SUPPLIED MATERIAL:
****

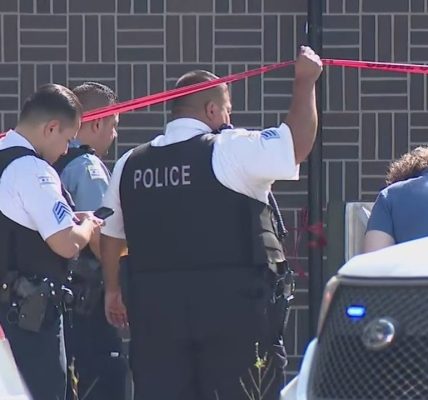 Man, 24, sitting outside shot and killed in Chicago: police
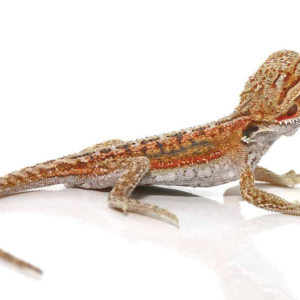 Baby Hypo Inferno Dunner Bearded Dragon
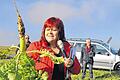 Nützlicher Geselle: Wasserberaterin Eva Heilmeier präsentiert einen Tillage Radish. Er bildet eine sehr dicke und lange Pfahlwurzel aus, die Bodenverdichtungen aufbricht.Foto: W. Wolf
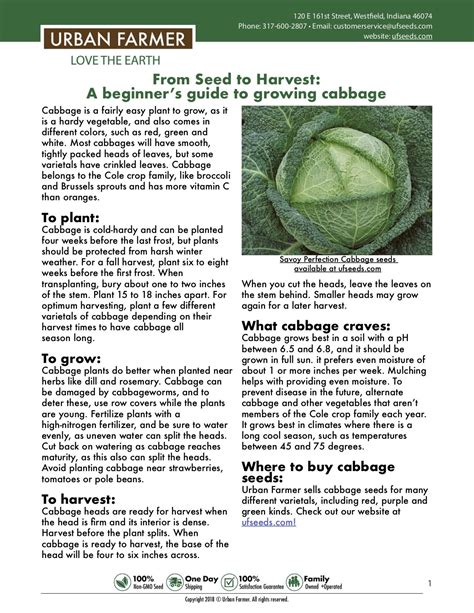 How to Grow Cabbage | Container gardening vegetables, Growing cabbage, Easy plants to grow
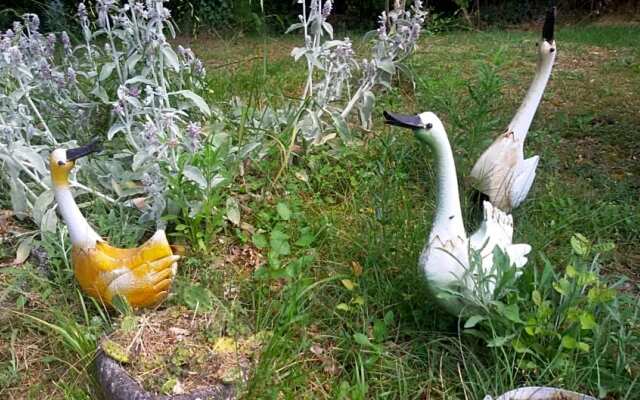 Roulotte Zelena Hora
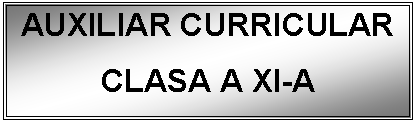 Text Box: AUXILIAR CURRICULAR
CLASA A XI-A
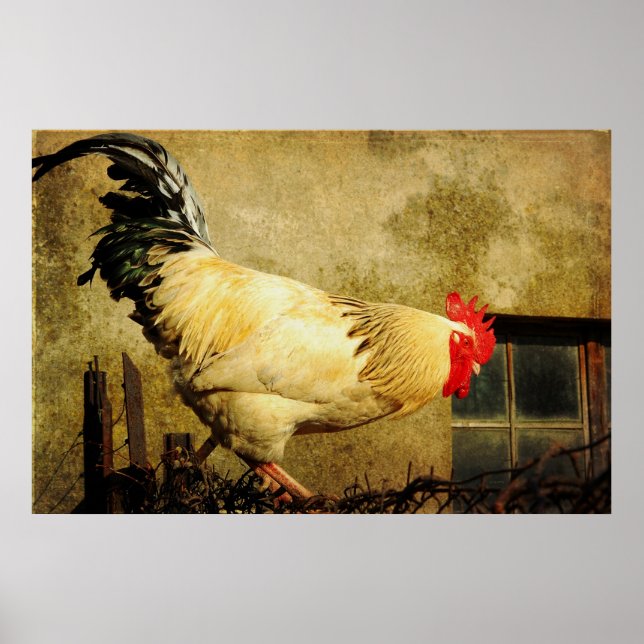 Vintage Rooster Poster (Vorne)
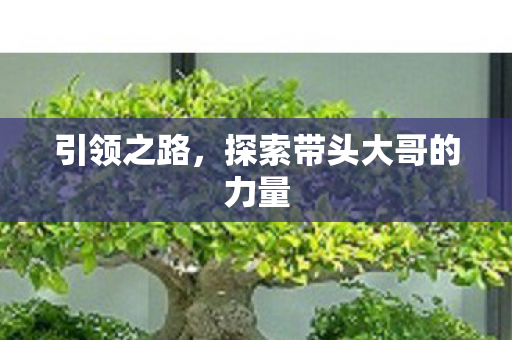 探索带头大哥的力量图片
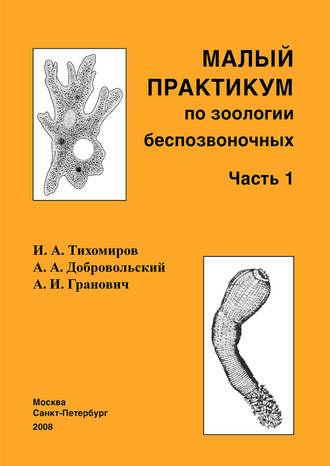 А. А. Добровольский. Малый практикум по зоологии беспозвоночных. Часть 1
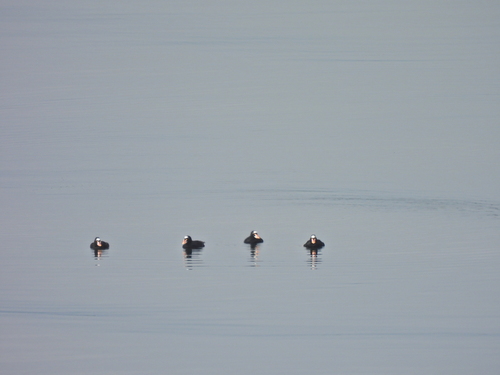 Surf Scoter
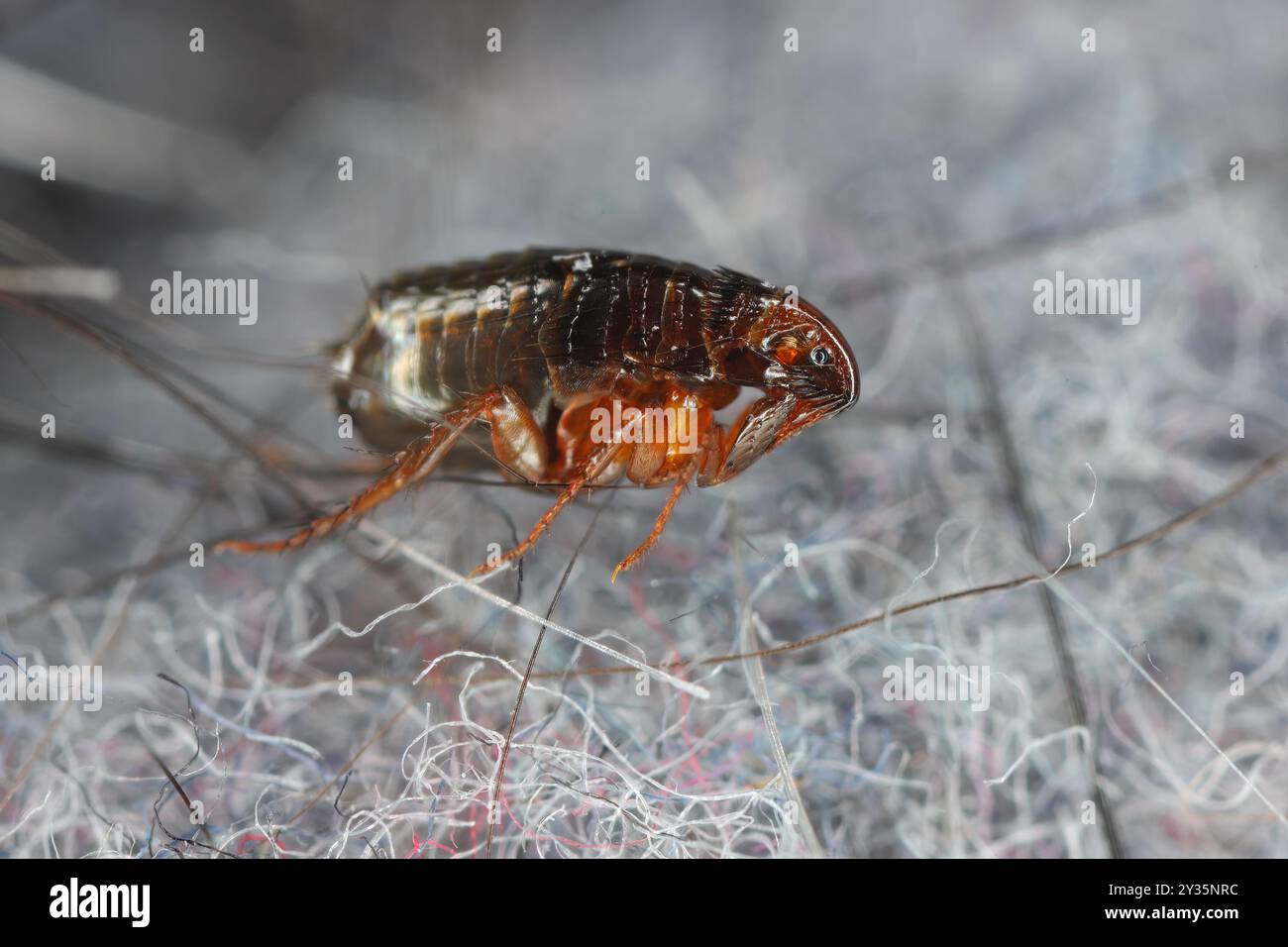 Puce de chat (Ctenocephalides felis). Insecte qui saute qui peut aussi mordre douloureusement une personne au milieu de la poussière et de la fourrure d'un chien. Banque D'Images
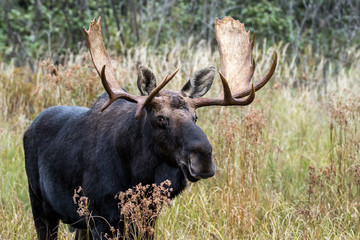 Naklejka na ściany i meble Moose - Alces alces, male bull grazing in the grass and vegetation. Making eye contact.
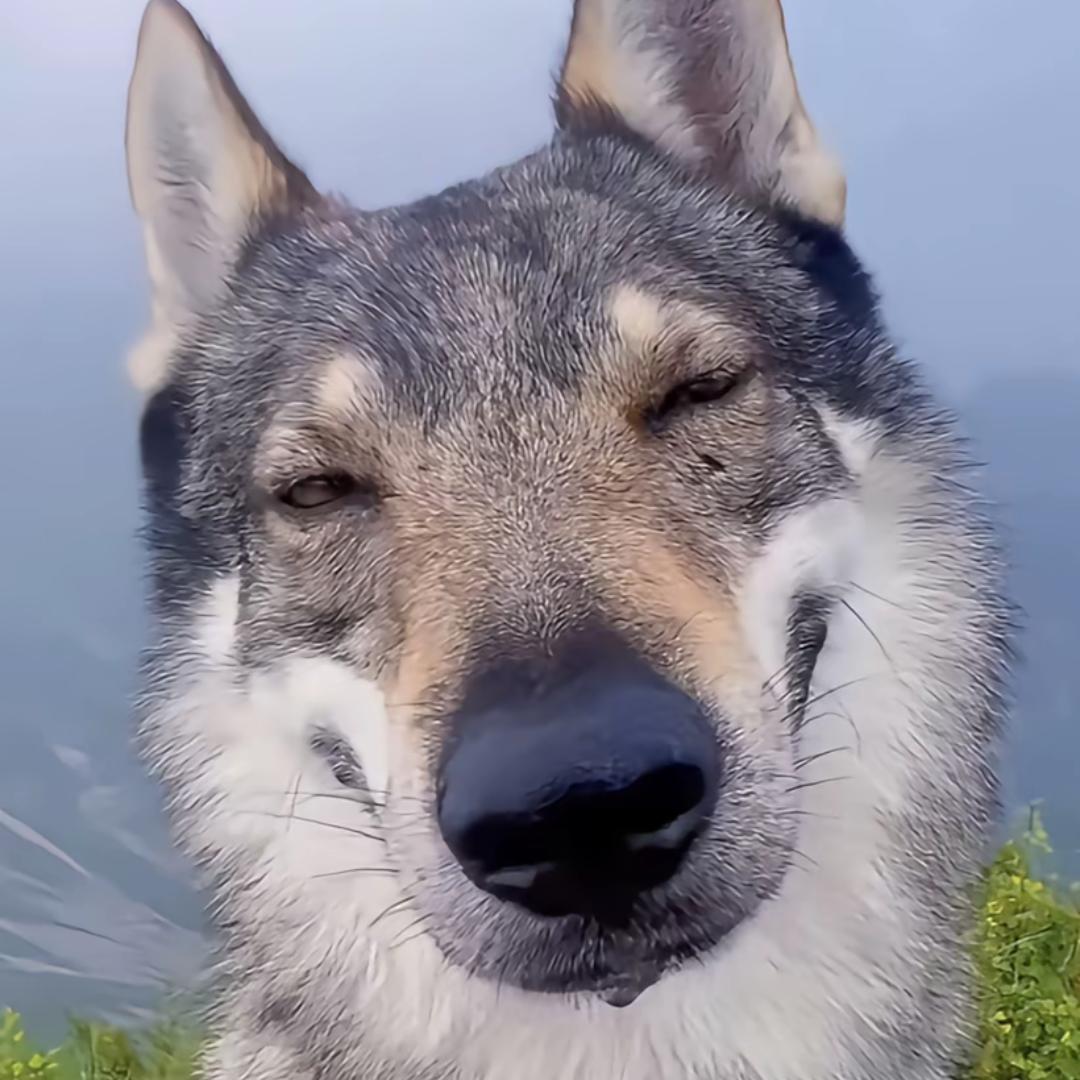 小艺没有棒棒糖🍭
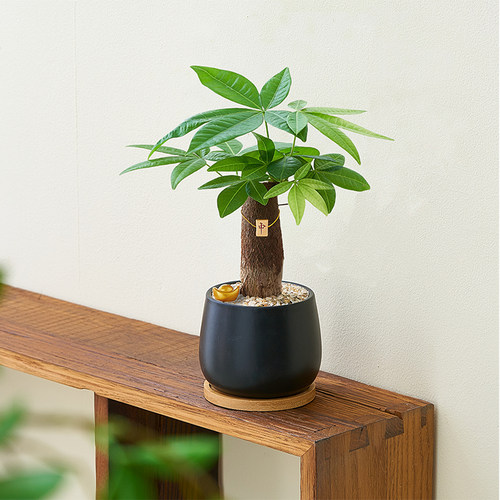 【发财中】发财树盆栽室内绿植物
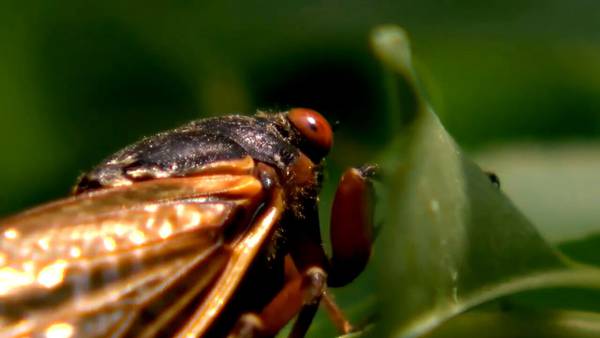 No need to fear -- but the cicadas are coming by the billions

****

WORK TASK: Skipping any pictures, copy the line that holds "Baby Hypo Inferno Dunner Bearded Dragon" and each line after it through the last line of the records, unchanged, and no other lines.

YOUR RESPONSE:
 Baby Hypo Inferno Dunner Bearded Dragon
 Nützlicher Geselle: Wasserberaterin Eva Heilmeier präsentiert einen Tillage Radish. Er bildet eine sehr dicke und lange Pfahlwurzel aus, die Bodenverdichtungen aufbricht.Foto: W. Wolf
 How to Grow Cabbage | Container gardening vegetables, Growing cabbage, Easy plants to grow
 Roulotte Zelena Hora
 Text Box: AUXILIAR CURRICULAR
CLASA A XI-A
 Vintage Rooster Poster (Vorne)
 探索带头大哥的力量图片
 А. А. Добровольский. Малый практикум по зоологии беспозвоночных. Часть 1
 Surf Scoter
 Puce de chat (Ctenocephalides felis). Insecte qui saute qui peut aussi mordre douloureusement une personne au milieu de la poussière et de la fourrure d'un chien. Banque D'Images
 Naklejka na ściany i meble Moose - Alces alces, male bull grazing in the grass and vegetation. Making eye contact.
 小艺没有棒棒糖🍭
 【发财中】发财树盆栽室内绿植物
 No need to fear -- but the cicadas are coming by the billions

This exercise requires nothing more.